**Work item**
Copy every entry exactly as given, minus the images.

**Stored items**
+++

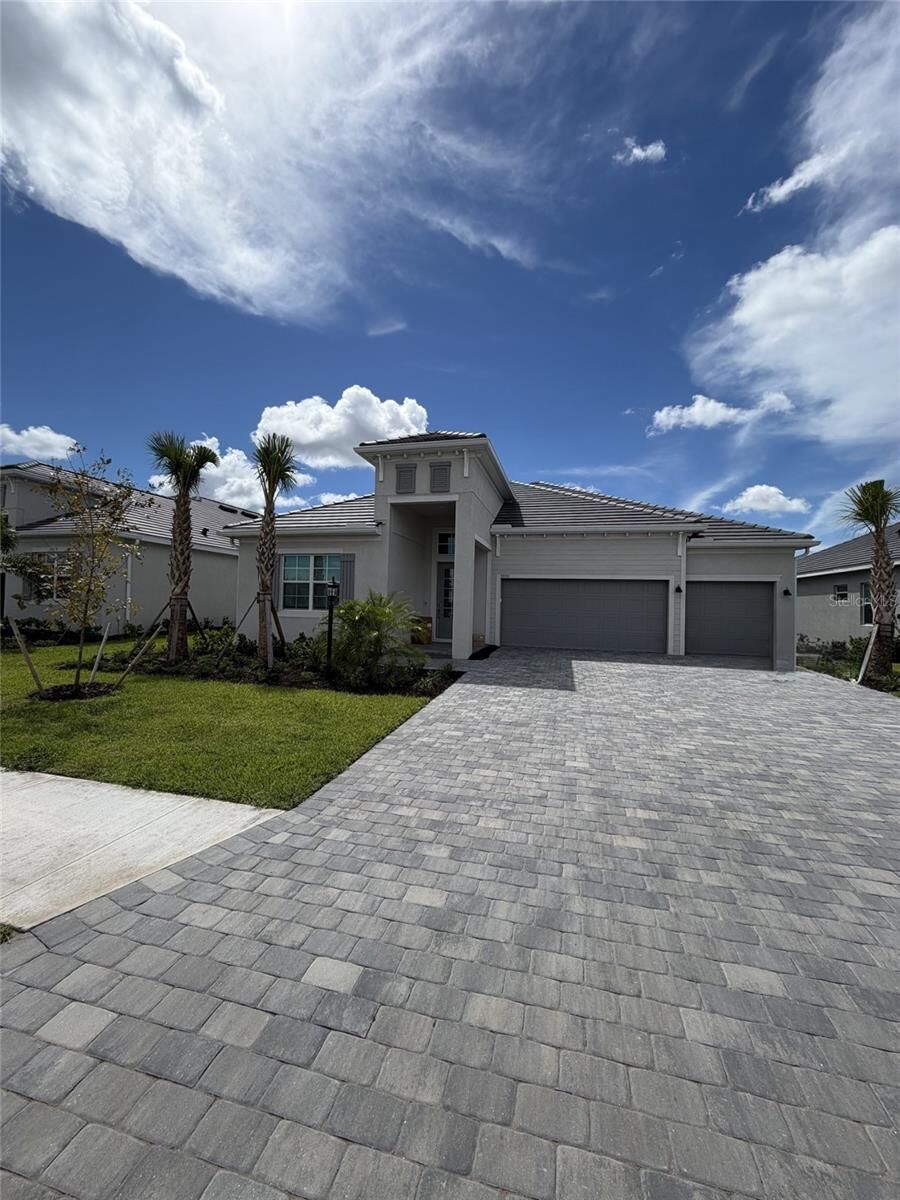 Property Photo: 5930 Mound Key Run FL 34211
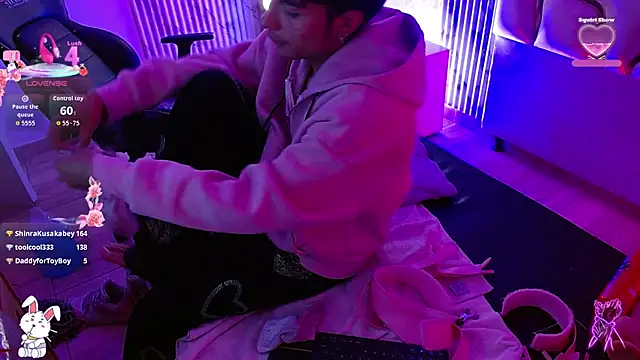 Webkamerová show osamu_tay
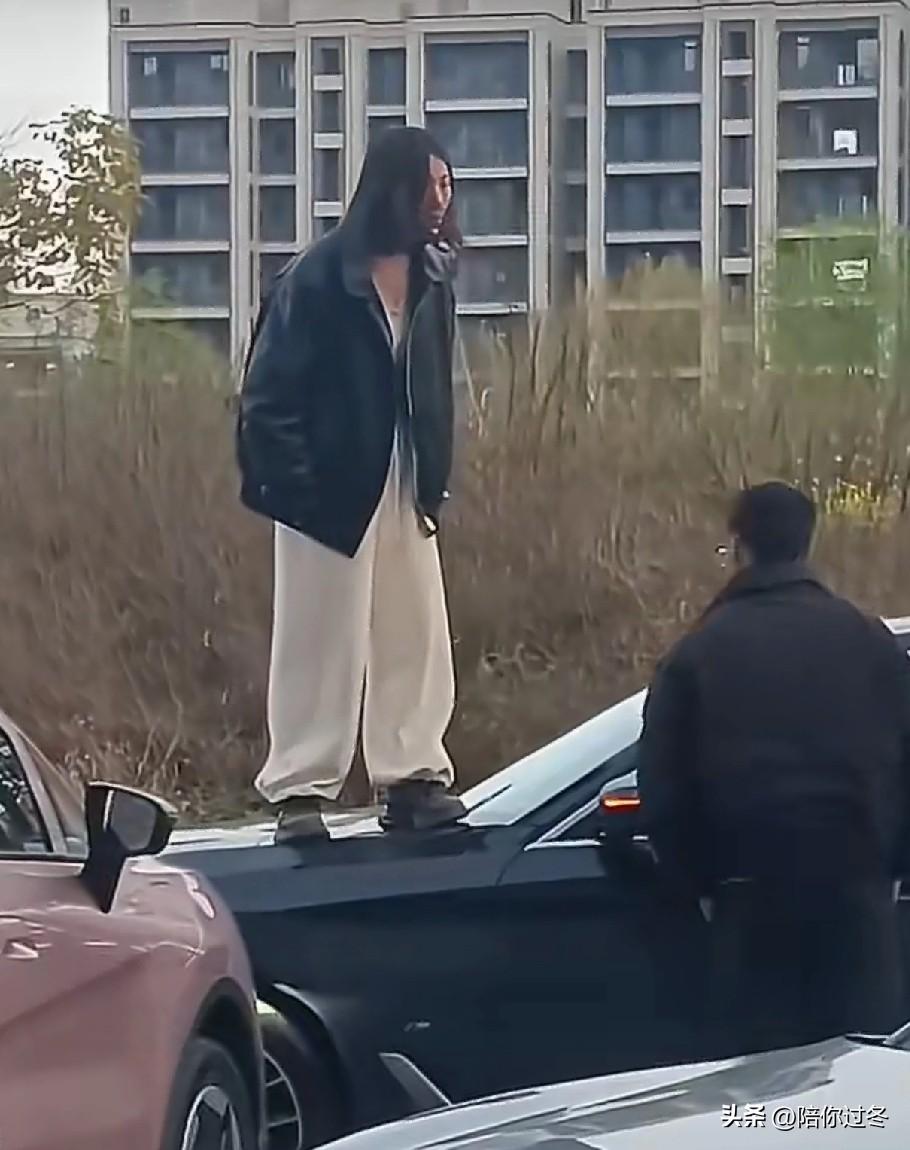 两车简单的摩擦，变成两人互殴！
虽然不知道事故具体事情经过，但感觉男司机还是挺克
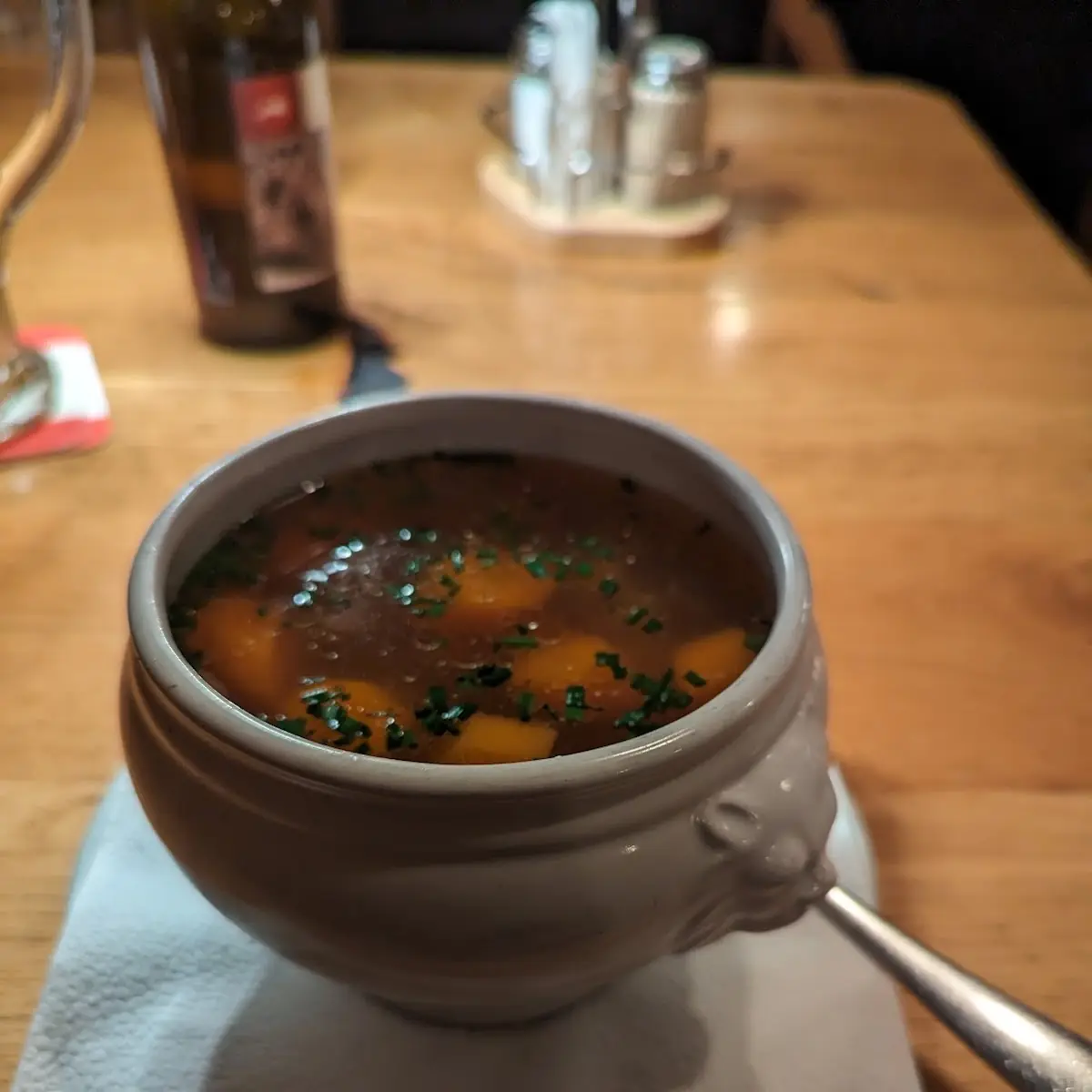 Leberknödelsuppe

+++

**Your solution**
 Property Photo: 5930 Mound Key Run FL 34211
 Webkamerová show osamu_tay
 两车简单的摩擦，变成两人互殴！
虽然不知道事故具体事情经过，但感觉男司机还是挺克
 Leberknödelsuppe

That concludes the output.